Despite her skepticism, team doctors said Vonn should be able to train as scheduled on Thursday and they will make a final decision early in the day.
"I think she is heading in the right direction to be 100 percent ready for Sunday's super combined," said Bill Sterett, U.S. ski team doctor.
VONN'S COMPETITIVE DRIVE
The American is a gold medal contender in five events and arrives in Canada in a class of her own, with wins in eight of the 11 World Cup super-Gs and downhills so far this season.
Her absence could run deep in these Games, robbing broadcasters, sponsors and spectators of golden moments from a bone fide golden girl.
"Lindsey Vonn was going to be one of the great stars of these Olympics and probably the standout American heading into these Games," said Robert Boland, professor of sports management at New York University.
Some in the ski world wondered, however, if it was all just a bit of pre-Olympic drama that would evaporate as soon as the February 12-28 Games start.
"Knowing her, her competitive drive, if anybody can be ready to go when the gun goes off, it will be Lindsey Vonn," said Bill Marolt, president and chief executive of the U.S. Ski and Snowboard Association.
As the worries around Vonn surfaced, others eased.
The biggest headache for organizers thus far subsided somewhat as welcome snow arrived at a key venue craving a fresh dumping of the white stuff.
A record warm January in Vancouver forced organizers to mount a massive snow lift to Cypress this week and threatened to dampen the spectacle in this weekend's inaugural races.
"We have had a nice little dumping that's covering the trees. We expect more of this in the next couple of days. We are very happy," said venue spokesman Stephen Bourdeau.
POSSIBLE DOWNHILL DELAY
Fog and snow up on Whistler made organizers call off the first men's downhill training session after 42 of the 87 skiers had completed the course.

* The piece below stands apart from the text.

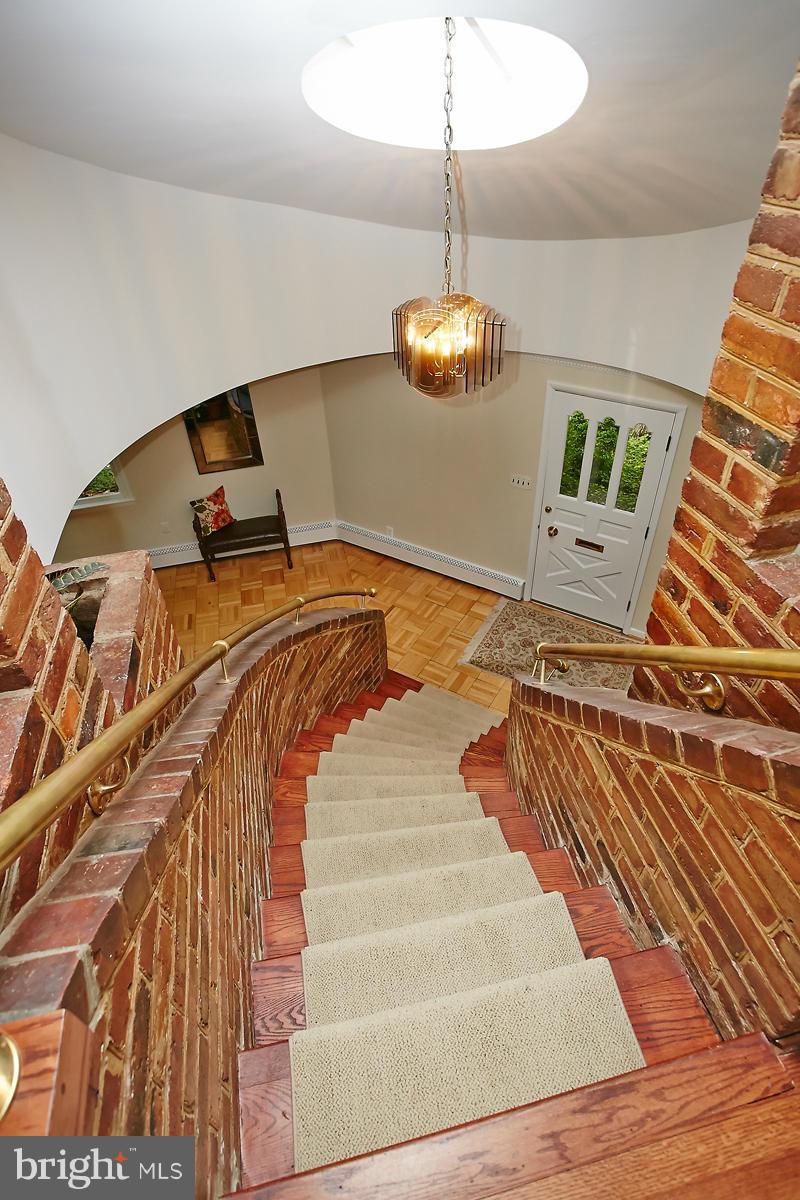 3744 30th Road North Arlington, VA 22207 - Photo 15 of 28 Curved Staircase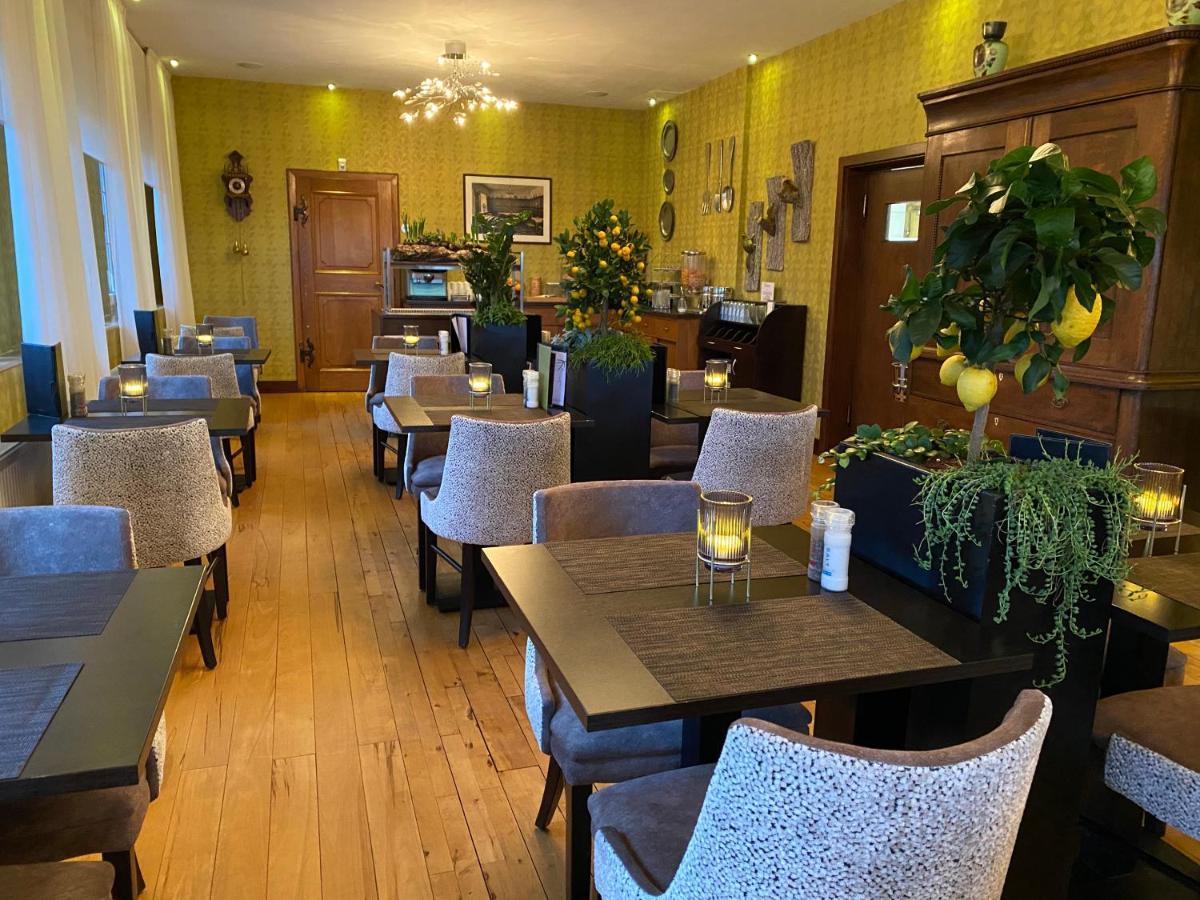 Boutique Hotel Restaurant Hollerather Hof Hellenthal Bagian luar foto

Skiers worried that weather might thwart training on Thursday and Friday also, which would lead to a postponement in Saturday's race since all competitors must complete one training run.
Some 5,000 athletes and officials will descend on Whistler and Vancouver for the Games, which will kick off on Friday with the first indoor opening ceremony ever in the 86-year history of Winter Olympics.
Under the traditional blanket of secrecy conferred to opening ceremonies, speculation swirls around the Canadian city who will light the Olympic flame and whether it will burn inside the stadium.
Buzz was building about a second cauldron that will burn on the Vancouver waterfront, a few minutes' run away from the opening ceremony.